Casser l’héroïsation: le frère d’un djihadiste raconte
Abdelghani Merah avait dénoncé les tueries commises par son frère Mohammed il y a quatre ans en France. Aujourd’hui, après une descente aux enfers, il va prêcher la bonne parole auprès des jeunes radicalisés.
Il a presque 40 ans, le crâne rasé, les yeux clairs. De profil, il ressemble beaucoup à Mohammed, l’assassin de trois militaires et de quatre juifs en mars 2012 dans le sud-ouest de la France. Un bras handicapé par un accident de moto, sa frêle silhouette rase les murs car il se sait menacé. Il souhaite d’ailleurs rester discret sur son lieu de résidence.
Il n’oubliera jamais ce matin de mars il y a quatre ans, où, allumant la télé, il reconnaît la rue de son frère cernée par les forces de police. Le « tueur au scooter » aperçu aux abords de l’école juive de Toulouse où trois enfants et un enseignants ont été tués à bout portant le 19 mars 2012, c’était donc lui. « Je suis arrivé en trombe, paniqué. Les policiers ont cru que je voulais les attaquer. Mais je voulais les aider à négocier avec Mohammed », raconte-il lors d’un entretien avec l’AFP.
Il savait que ça arriverait. Déjà en 2003 « j’avais signalé mon autre frère Kader qui se faisait appeler Ben Laden » dans son quartier. Abdelkader Merah est aujourd’hui renvoyé devant une cour d’assises spéciale pour complicité avec Mohammed.
Pour Abdelghani, ce sont leurs parents qui ont dispersé « le terreau fertile » à la radicalisation et à l’antisémitisme sans borne de ses frères et de sa soeur Souad. « Ma mère disait toujours que les Arabes sont nés pour détester les Juifs. Et mon père estimait que les Palestiniens ont raison de se faire exploser et les Israéliens ont ce qu’ils méritent ».
Mouton noir
Lui « ne sait pas » pourquoi il n’est pas devenu comme eux. « J’étais plutôt un bon gardien, courtisé par des clubs de foot réputés, c’est peut-être de là que vient mon ouverture ».

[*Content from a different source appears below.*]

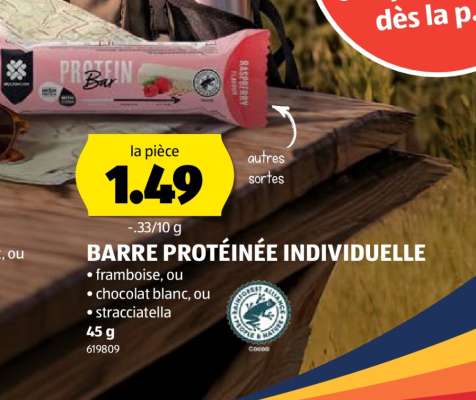 BARRE PROTÉINÉE INDIVIDUELLE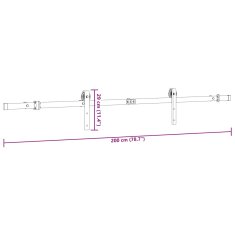Vidaxl vidaXL Sistem za montažo drsnih vrat, 200 cm, jeklo, črne barve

Sa vie, cabossée, n’est qu’une série de ruptures avec sa famille. La première lorsqu’il tombe amoureux d’une femme d’origine juive. Insupportable pour Abdelkader qui le poignardera très gravement.
La deuxième lorsqu’il filme sa soeur à son insu pour lui faire dire qu’elle est « fière » des attentats perpétrés par son frère. Il écrira dans la foulée un livre « Mon frère, ce terroriste ».
« Pour eux, j’avais fait la pire des choses (…) J’ai perdu tous mes amis du jour au lendemain ».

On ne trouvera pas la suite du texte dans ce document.